Residenze sanitarie assistenziali. L’esodo degli infermieri chiede nuovi interventi
Residenze sanitarie assistenziali Nell’ultimo anno, dopo la massiccia assunzione da parte della sanità pubblica, le Rsa per anziani non autosufficienti e i Centri servizi hanno perso 2 mila infermieri professionali. L'intervento di Bruno Bianchi, Matteo Segafredo e Antonio Turturici, Presidenti delle Fondazioni della Diocesi di Padova Santa Tecla di Este, Sant’Antonio Abate di Alano, San Giuseppe di Quero e Santi Antonio e Michele di Fonzaso.
La pandemia che ha colpito il mondo nell’inverno 2019-20 ha trovato tutti impreparati, disorganizzati, con sistemi di “governo” sociale e della sanità poco efficaci, ad eccezione di alcuni Paesi asiatici.

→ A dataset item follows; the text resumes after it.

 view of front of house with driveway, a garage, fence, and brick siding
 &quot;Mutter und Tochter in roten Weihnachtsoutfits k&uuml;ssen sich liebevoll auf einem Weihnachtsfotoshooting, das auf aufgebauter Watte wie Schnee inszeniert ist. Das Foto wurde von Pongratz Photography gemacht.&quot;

Non possiamo dimenticare l’impreparazione scientifica e clinica sul morbo, la drammatica confusione sanitaria conseguente alle superficiali contrapposizioni tra “scienziati” che minimizzavano e altri che percepivano la gravità, ma non riuscivano a convincere le autorità sanitarie e civili sull’adozione di protocolli severi a tutela delle popolazioni. Nessuno aveva la chiara percezione della pericolosità infettiva degli “asintomatici”, dell’efficacia protettiva dei dispositivi di protezione individuale e conseguentemente della pericolosa scarsità degli stessi. Le mascherine erano merce rarissima perché il sistema economico occidentale non era in grado di produrle e le Nazioni si rubavano le produzioni cinesi…
Nel frattempo l’infezione dilagava nei luoghi di vita comunitaria come ospedali e residenze per anziani. A distanza di un anno l’infausto inizio pandemico ha già imboccato la strada dell’oblio, facilitando il lavoro di chi vuole sostituire gli effetti della pandemia con le cause del suo dilagare. Un esempio di questa sostituzione si rileva nel crescente diffuso pregiudizio ideologico nei confronti delle Rsa e nella marginalizzazione di questo settore che conta tanti posti letto quanti la sanità pubblica e privata, dando sollievo alle famiglie e dignità all’ultimo “miglio” dell’esistenza di molte persone.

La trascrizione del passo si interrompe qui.